→ Exercise goal:
Please repeat, exactly as written, the line containing "ZweiHunde Leine - Perfekt" and every line after it through the end of the records below, leaving out any pictures.

→ Entries taken from a collection:

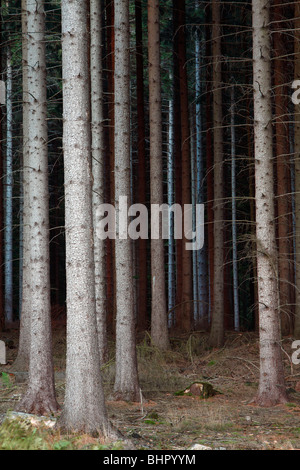 Abete steli (Picea abies), la silvicoltura in Germania Foto Stock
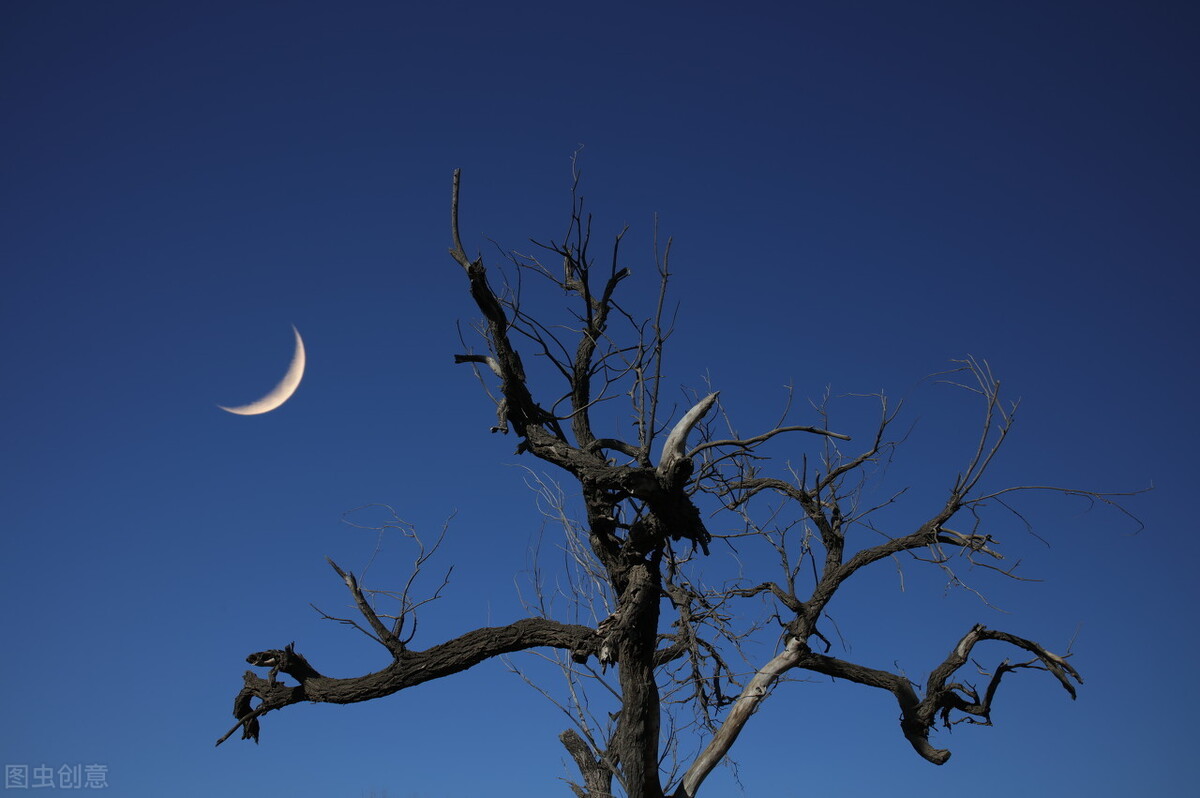 杜甫有五言绝句,杜甫五律解读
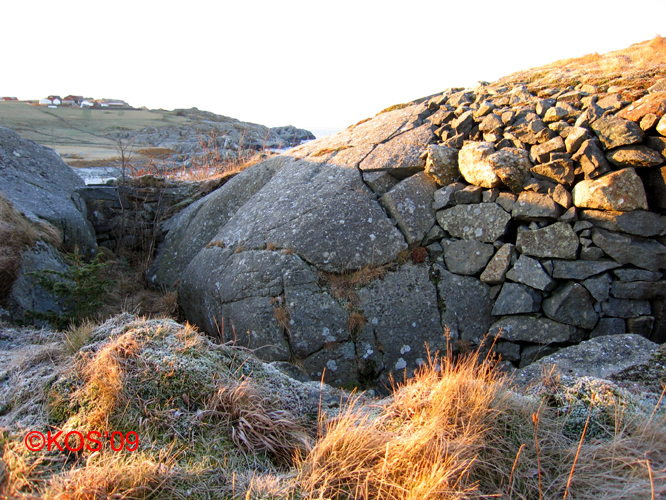20090104_006_1.jpg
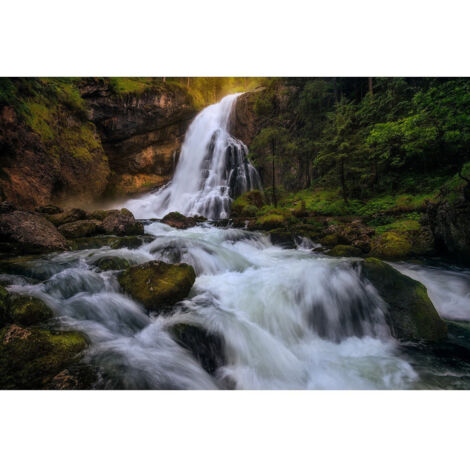 Poster Thème Nature Rush - 360 x 270 cm (1/3)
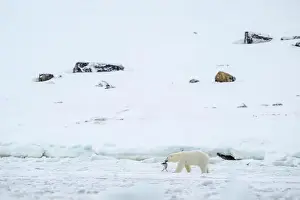 Female polar bear (Ursus maritimus) on snow with dead bird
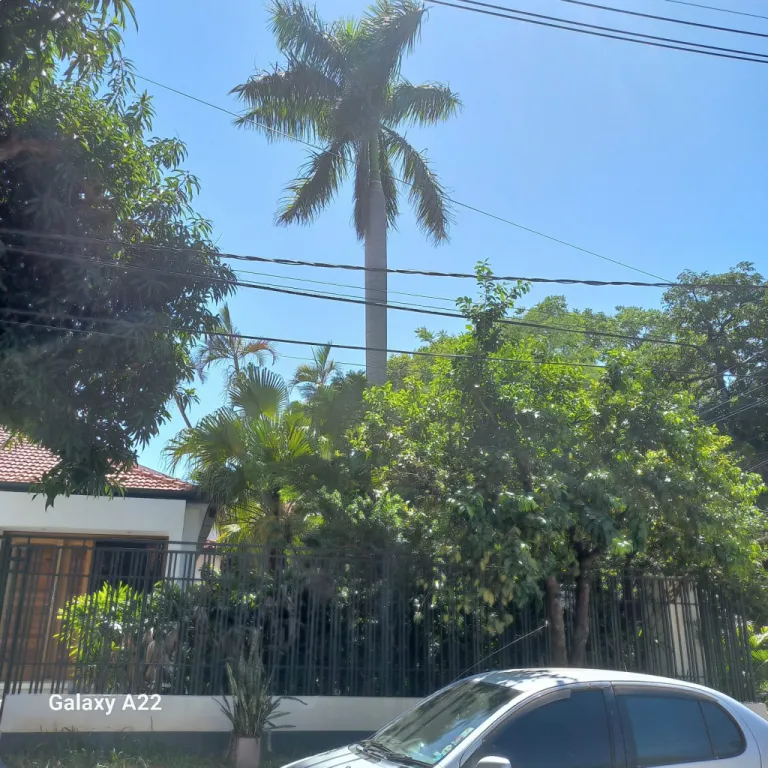BELLEZA — foto 3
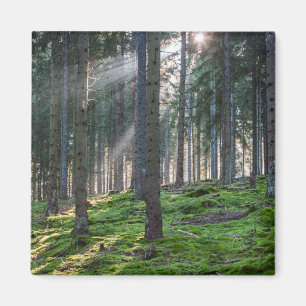 Aimant Rayons de soleil dans la Forêt-Noire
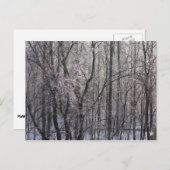 Ghear Icy Forest in Morning Light II Briefkaart (Voorkant / Achterkant)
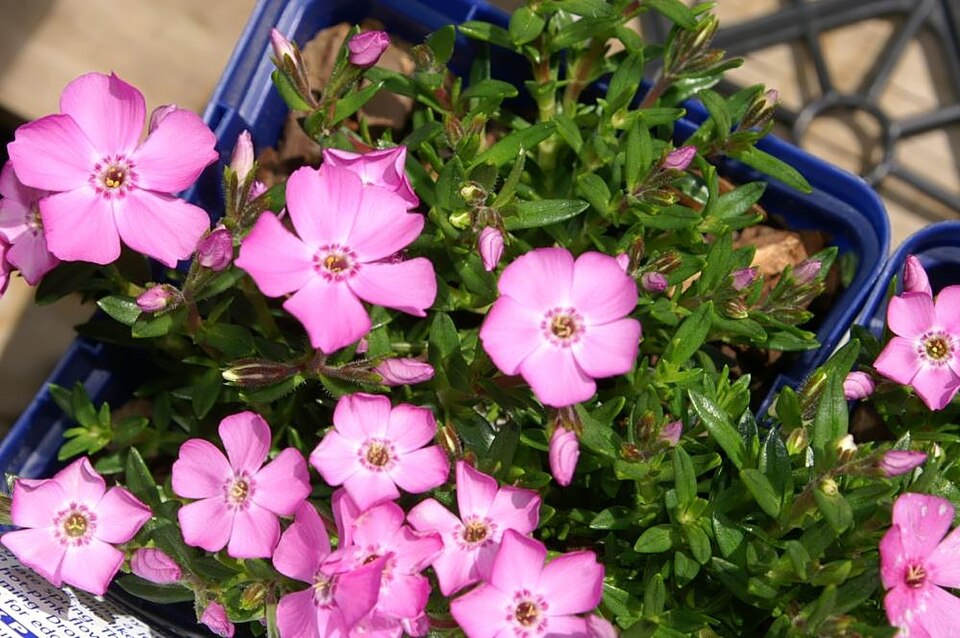 Phlox subulata 'Emerald Pink' (Emerald Pink Creeping Phlox) (alternate view 2)
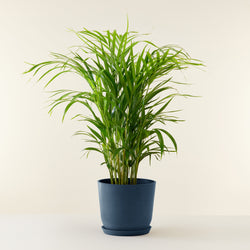 feuille Palmier Areca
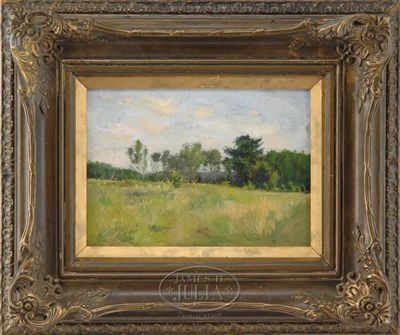 SPRINGTIME MEADOW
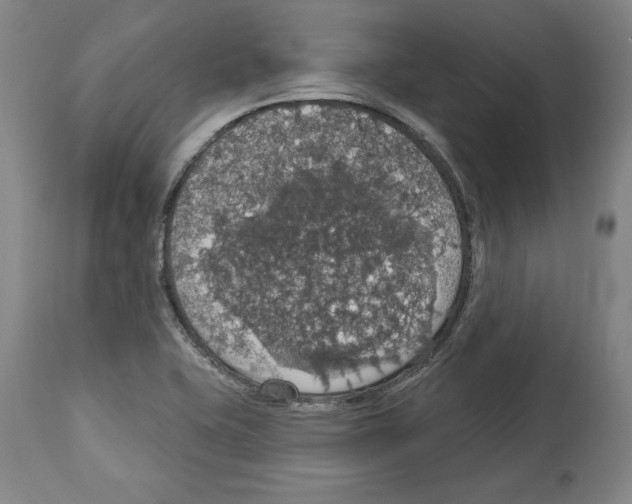 X0000112911415200910051032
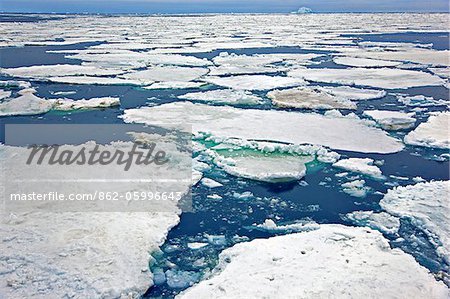 Pancake ice in the Weddell Sea off the east coast of the Antarctic Peninsula. Antarctica covers about 10% of the earth s surface.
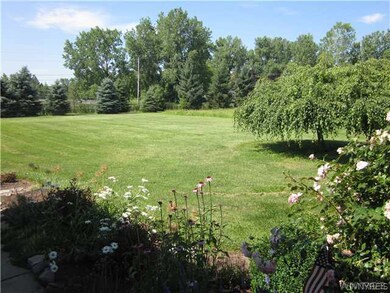 Landscaping Front yard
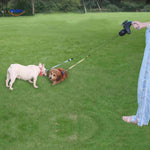 ZweiHunde Leine - Perfekt für Spaziergänge im Freien mit Ihren Hunden. Entdecken Sie die Vorteile auf www.middo.de!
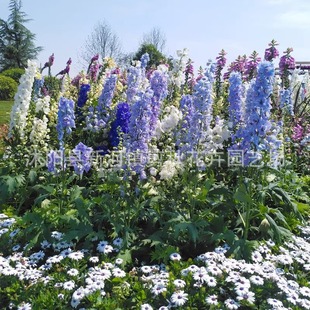 Perennial Large-Flowered Delphinium Potted Flower Seeds Are Easy to Live and Bloom in All Seasons. Outdoor Flower Seeds and Garden Flower Seeds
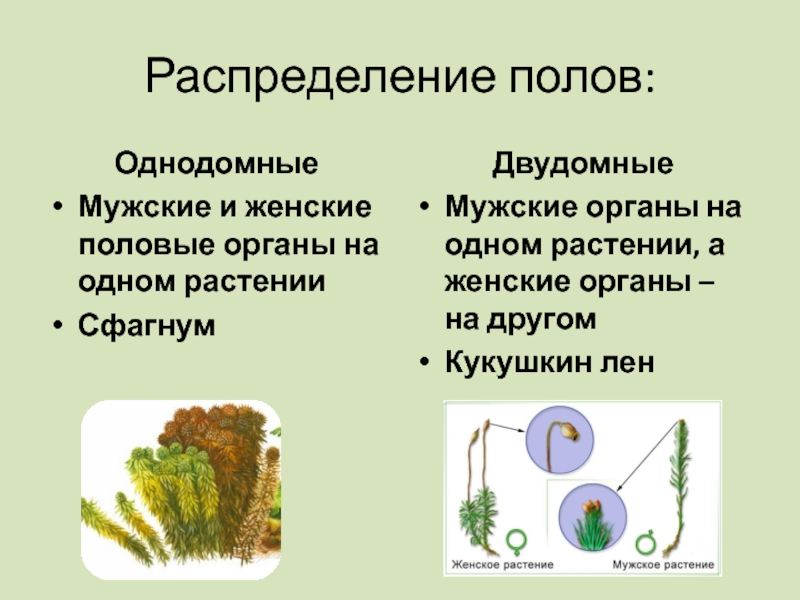 Чем однодомные растения отличаются от двудомных. Сфагнум однодомное или двудомное. Однодомные мхи.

→ Output for this exercise:
 ZweiHunde Leine - Perfekt für Spaziergänge im Freien mit Ihren Hunden. Entdecken Sie die Vorteile auf www.middo.de!
 Perennial Large-Flowered Delphinium Potted Flower Seeds Are Easy to Live and Bloom in All Seasons. Outdoor Flower Seeds and Garden Flower Seeds
 Чем однодомные растения отличаются от двудомных. Сфагнум однодомное или двудомное. Однодомные мхи.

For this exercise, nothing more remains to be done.